National Endowment for the Arts

Agency overview
- Formed: 1965
- Jurisdiction: Federal government of the United States
- Headquarters: Constitution Center, Washington, D.C.
- Annual budget: US$207 million (2023)
- Agency executive: Chairman;
- Website: arts.gov

= National Endowment for the Arts =

Independent agency of the US federal government

The National Endowment for the Arts (NEA) is an independent agency of the United States federal government that offers support and funding for projects exhibiting artistic excellence. It was created in 1965 as an independent agency of the federal government by an act of the U.S. Congress, signed by President Lyndon B. Johnson on September 29, 1965 (20 U.S.C. 951). It is a sub-agency of the National Foundation on the Arts and the Humanities, along with the National Endowment for the Humanities, the Federal Council on the Arts and the Humanities, and the Institute of Museum and Library Services.

The NEA has its offices in Washington, D.C. It was awarded Tony Honors for Excellence in Theatre in 1995, as well as the Special Tony Award in 2016. In 1985, the NEA won an honorary Oscar from the Academy of Motion Picture Arts and Sciences for its work with the American Film Institute in the identification, acquisition, restoration and preservation of historic films. In 2016 and again in 2017, the National Endowment for the Arts received Emmy nominations from the Television Academy in the Outstanding Short Form Nonfiction or Reality Series category.

In 2025, the Donald Trump administration issued executive orders leading the NEA to ban federal funding for programs promoting diversity, equity, and inclusion (DEI) or "gender ideology", sparking backlash from over 400 artists and a lawsuit from major arts groups with ACLU support. On May 3, the NEA revoked dozens of grants for non-compliance and the same day, Trump proposed eliminating the agency entirely.

==History and purpose==
The National Endowment for the Arts was created during the term of President Lyndon B. Johnson under the general auspices of the Great Society. According to historian Karen Patricia Heath, "Johnson personally was not much interested in the acquisition of knowledge, cultural or otherwise, for its own sake, nor did he have time for art appreciation or meeting with artists."
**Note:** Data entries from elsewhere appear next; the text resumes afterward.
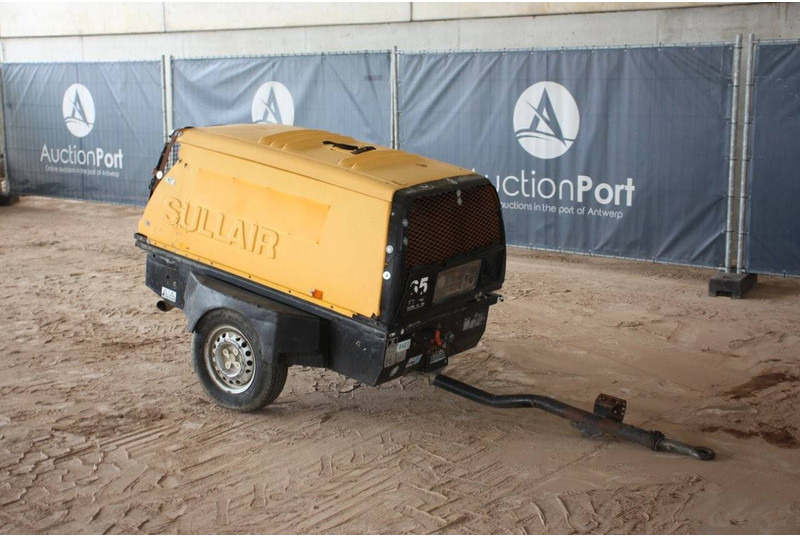 Sullair 65 - Gaisa kompresors: foto 3 Sullair 65 - Gaisa kompresors: foto 3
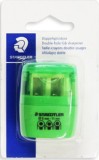 Ascutitoare dubla cu container - Staedtler | Staedtler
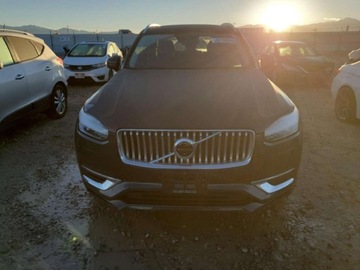 Volvo XC90 II SUV Plug-In 2.0 T8  455KM 2022 Volvo XC 90 T8 Recharge Inscription 2022 2.0l 2.0 Hybryda 455KM, zdjęcie 8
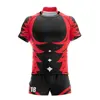 Diseño de Uniformes de Rugby 8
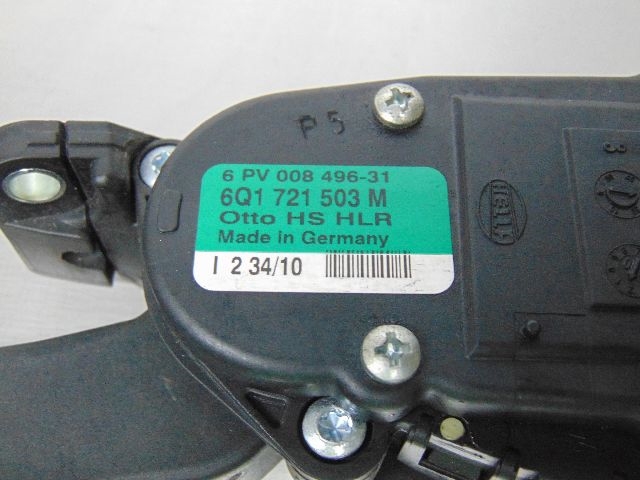 VAG 6PV00849631 Pedal del acelerador  en stock Salamanca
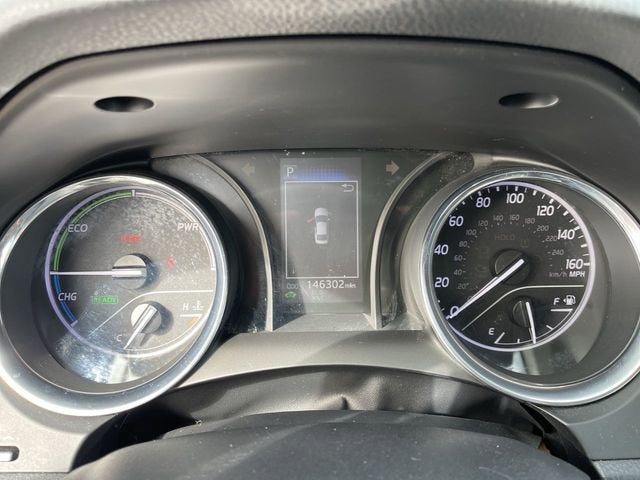 2019 Toyota Camry Hybrid LE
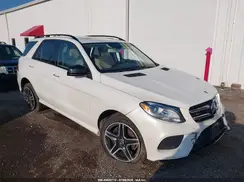 4JGDA5HB9JB158565 2018 MERCEDES-BENZ GLE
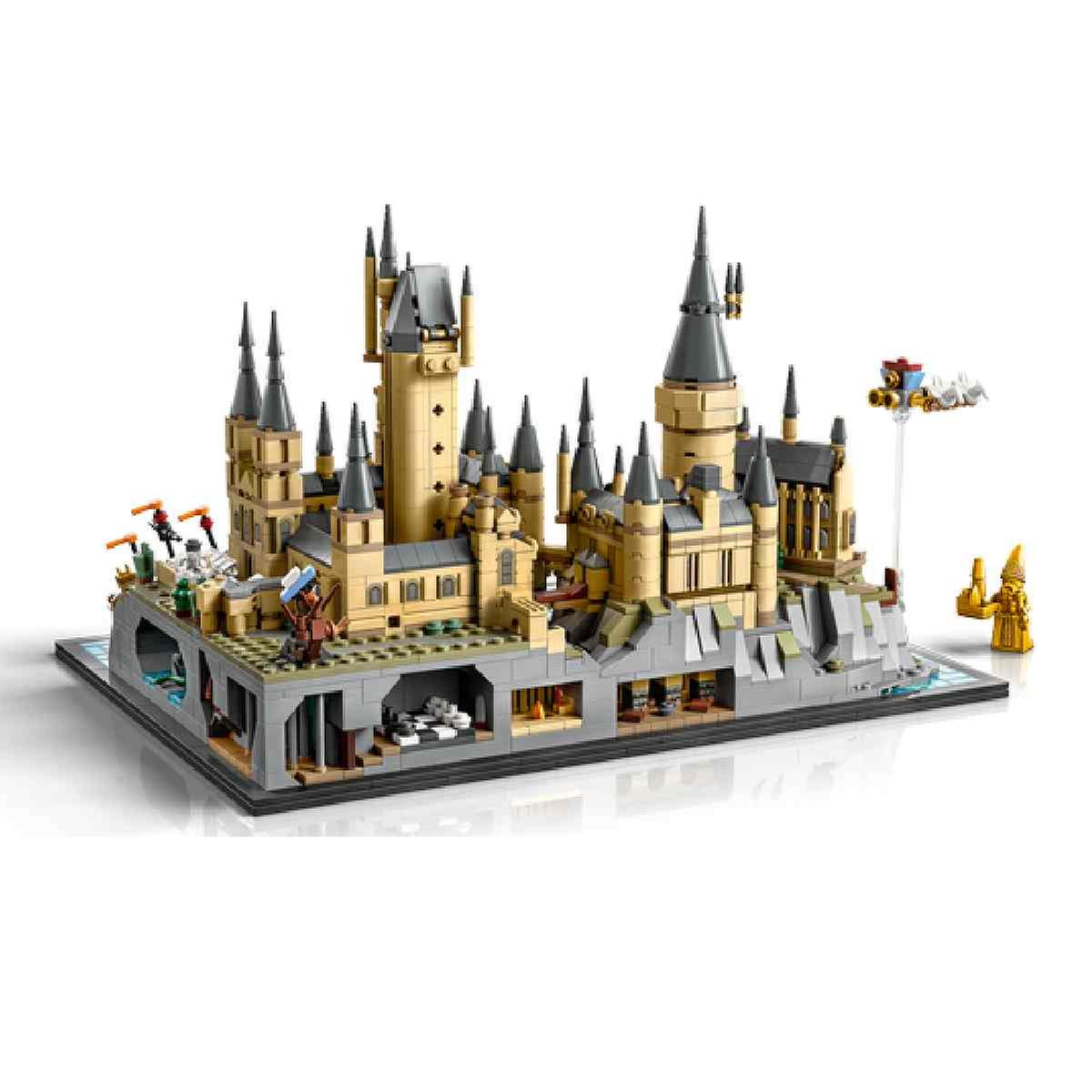 A Torre de Astronomia de Hogwarts™ 75969 | Harry Potter™ | Compra online na  Loja LEGO® Oficial PT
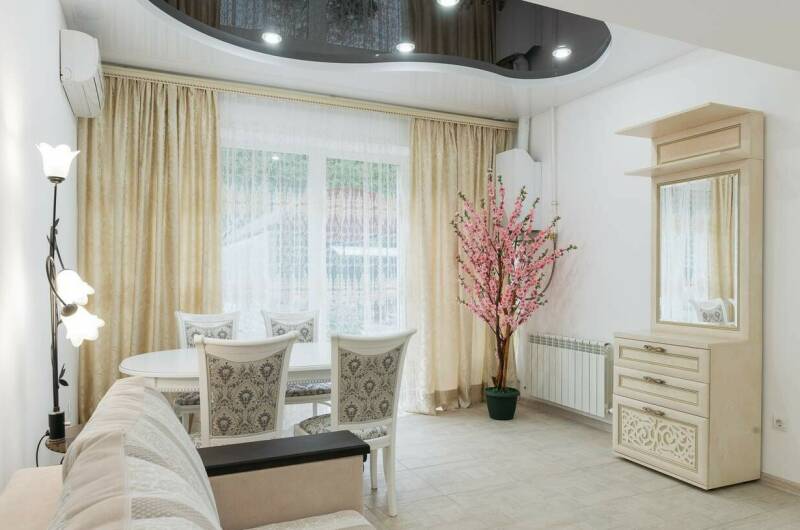 Изображение Изображение квартиры &quot;2-х уровневые апартаменты на Свирской&quot; #7 #5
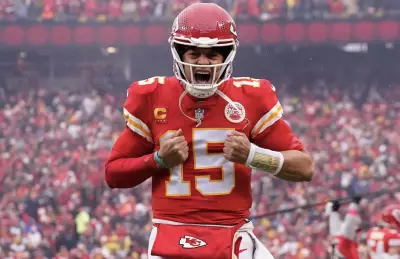 Chiefs Dynasty Crumbles: Mahomes' Torn ACL Ends Season, Casts Doubt on 2026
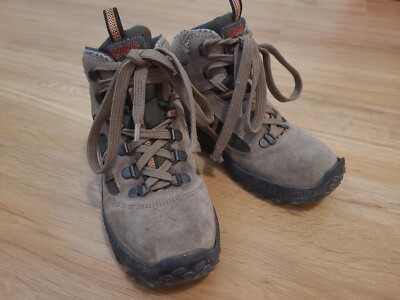 Olang Kinder Stiefel Wanderschuhe Schuhe Größe 31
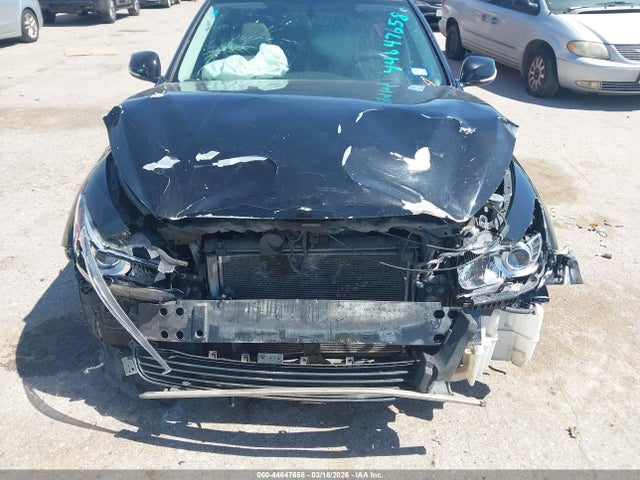 44647658 :رقم المزاد ، JN1BV7AP2FM338129 vin ، 2015 Infiniti Q50 مزاد بيع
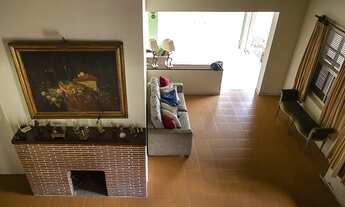 Imagem 5: Casa para venda com 500 metros quadrados com 5 quartos em Corrêas - Petrópolis - RJ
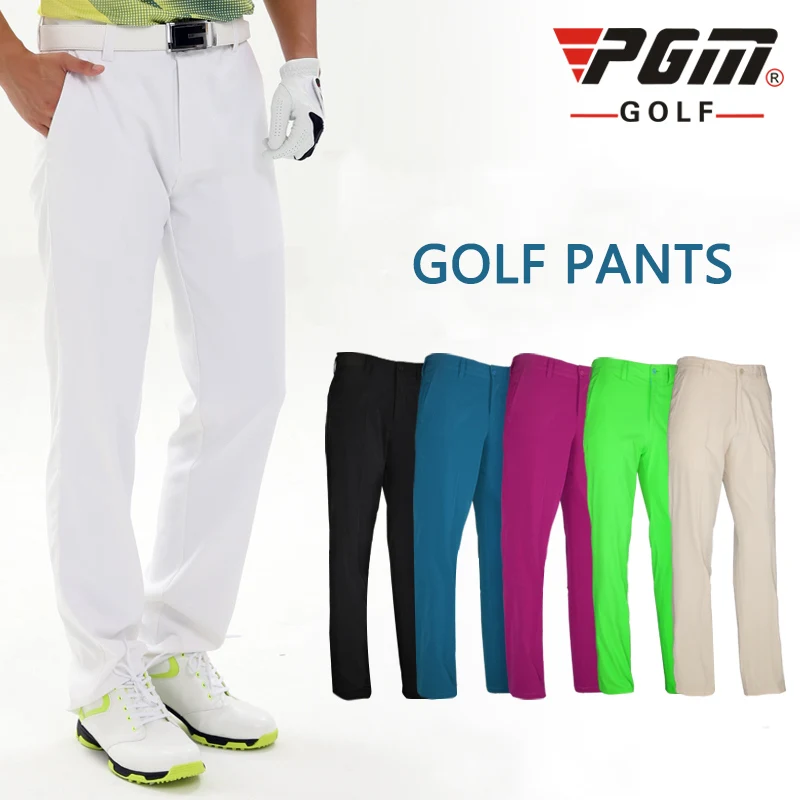 Mazze da golf abbigliamento da Golf pantaloni da uomo pantaloni da golf per  uomo vestiti sottili estivi da golf a rapida asciugatura abbigliamento da  XXS XXXL taglie forti 2016|pants clothing|pants hoodiepants suspender -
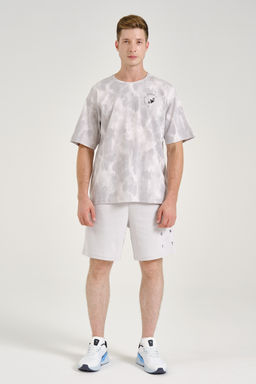 Футболка Серый UNIT A SS Tee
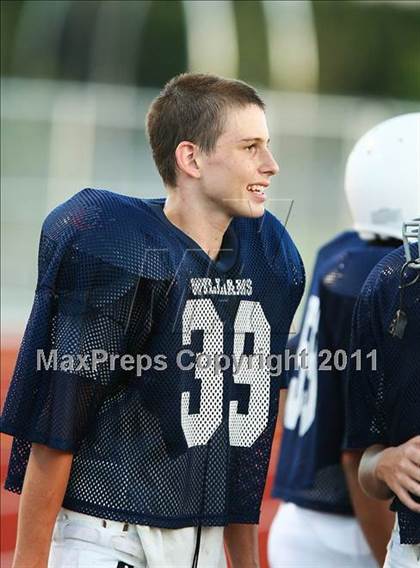 Thumbnail 1 in Plano East vs Marcus  photogallery.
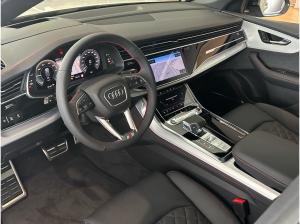 Audi Q8 TFSI e quattro Allradlenkung Optik-Paket Navi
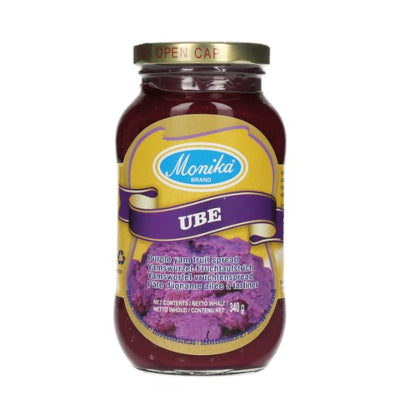 Monika Ube Yam 340g Slatki namaz džem od Yama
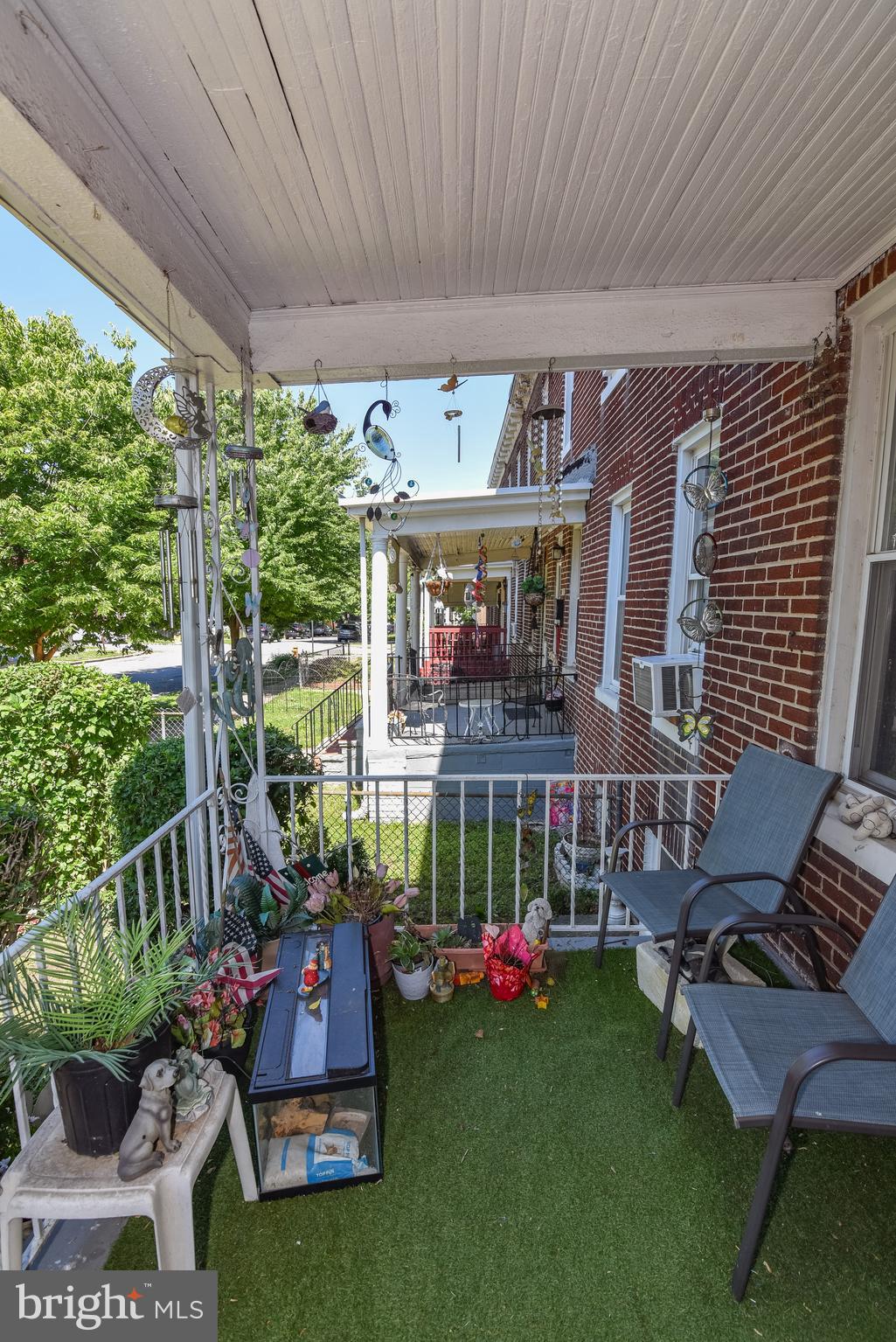 EAST BALTIMORE MIDWAY - Residential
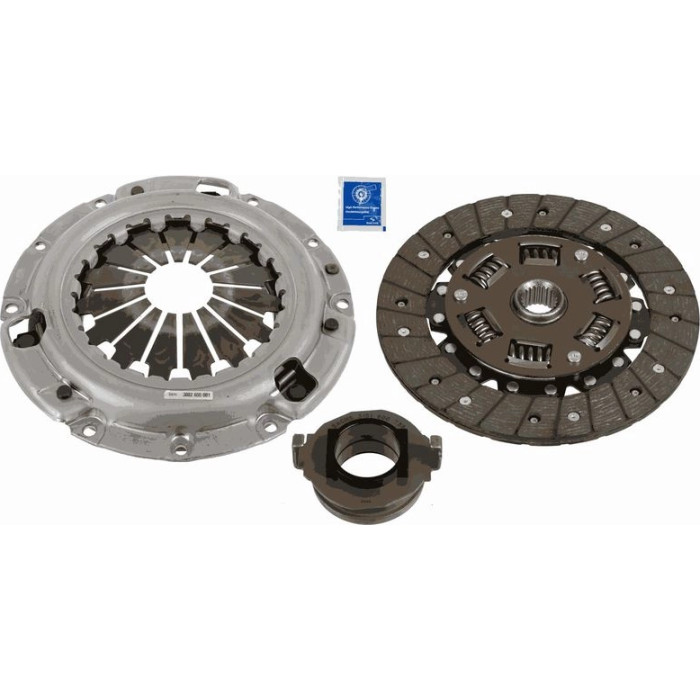 Sachs Kupplungssatz 3000 951 755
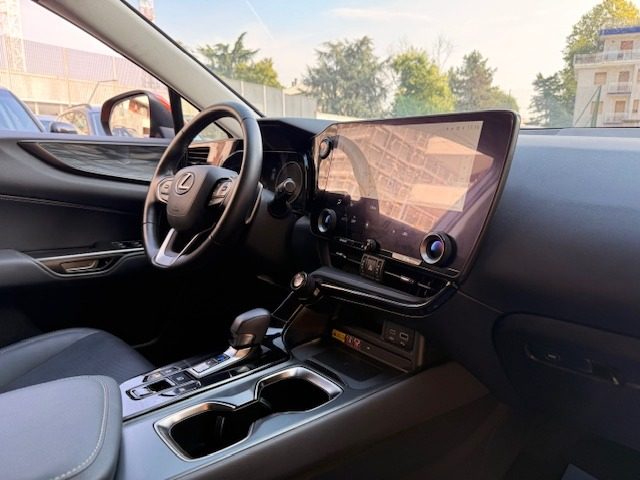 LEXUS NX 300h usata, con Fendinebbia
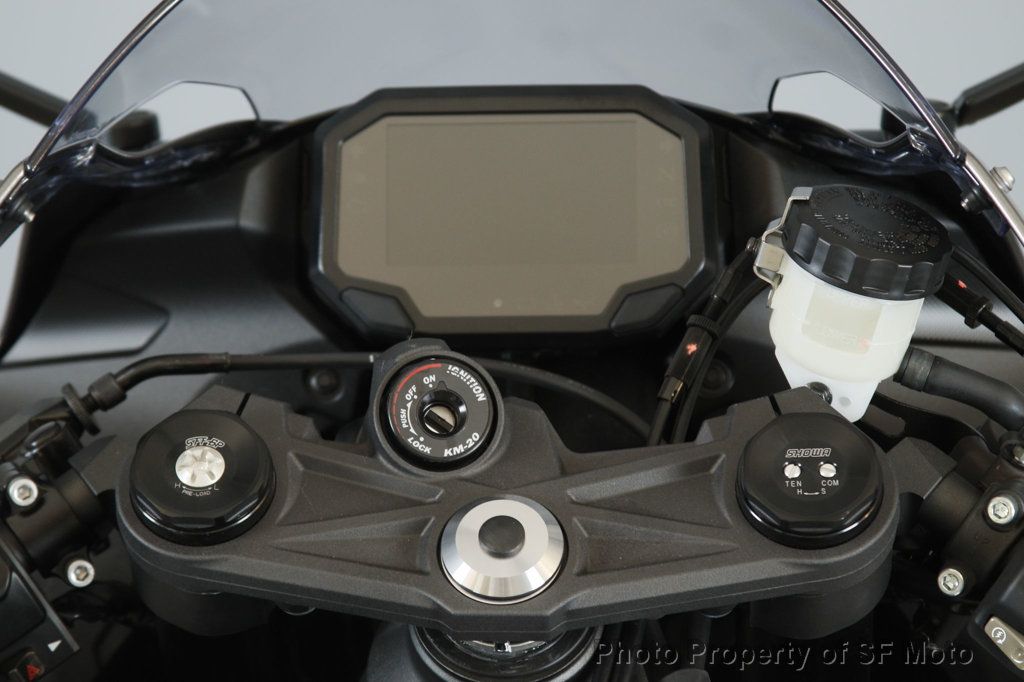 2025 Kawasaki Ninja ZX-6R ABS In Store Now! - 22792840 - 7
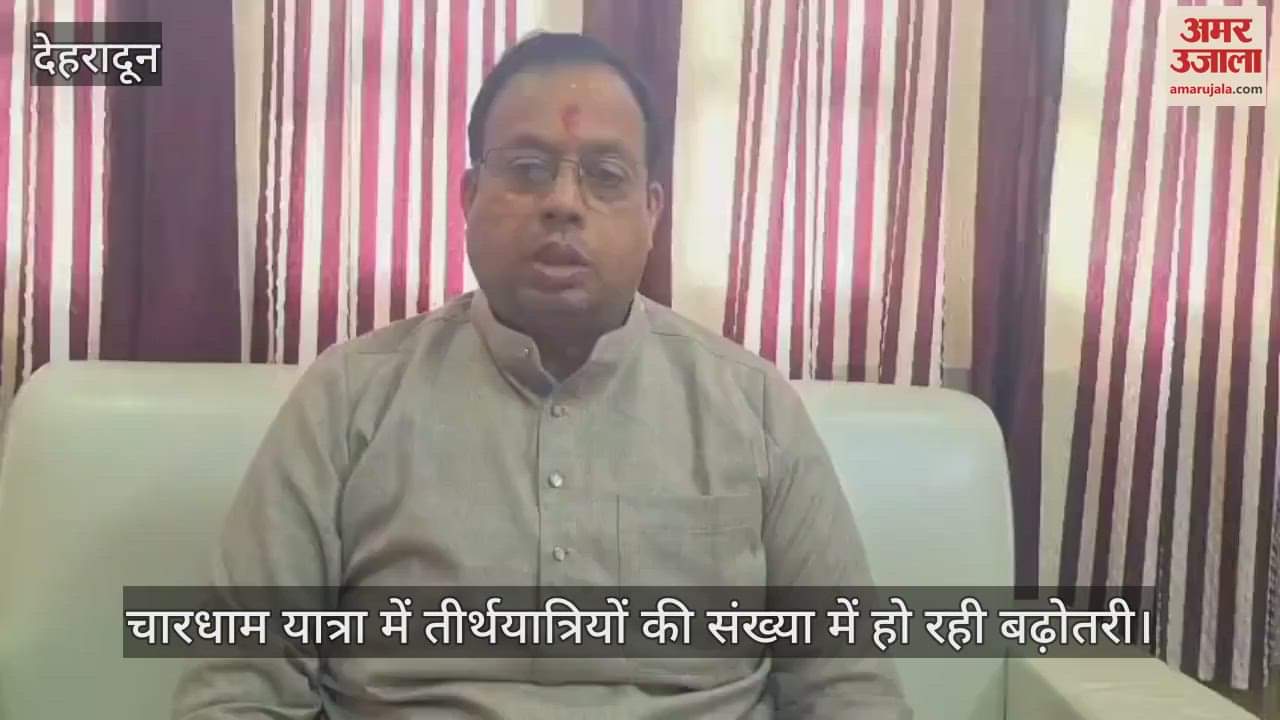 number of pilgrims in Chardham Yatra is increasing, devotees are reaching other temples for darshan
The NEA is "dedicated to supporting excellence in the arts, both new and established; bringing the arts to all Americans; and providing leadership in arts education".

==Leadership and initiatives==

===Governance===
The NEA is governed by a chairman nominated by the president to a four-year term and subject to congressional confirmation. The NEA's advisory committee, the National Council on the Arts, advises the chairman on policies and programs, as well as reviewing grant applications, fundraising guidelines, and leadership initiative.

===National Council on the Arts===
The council is composed of 25 members, 18 appointed by the president of the United States with the consent of the United States Senate, six ex officio members, and the chairperson of the NEA, who also serves as chair of the council. The six ex officio members are members of Congress, where two are appointed by the Speaker of the House, one by the Minority Leader of the House, two by the Majority Leader of the Senate, and one by the Minority Leader of the Senate. These six serve two-year terms, and serve as nonvoting members of the council.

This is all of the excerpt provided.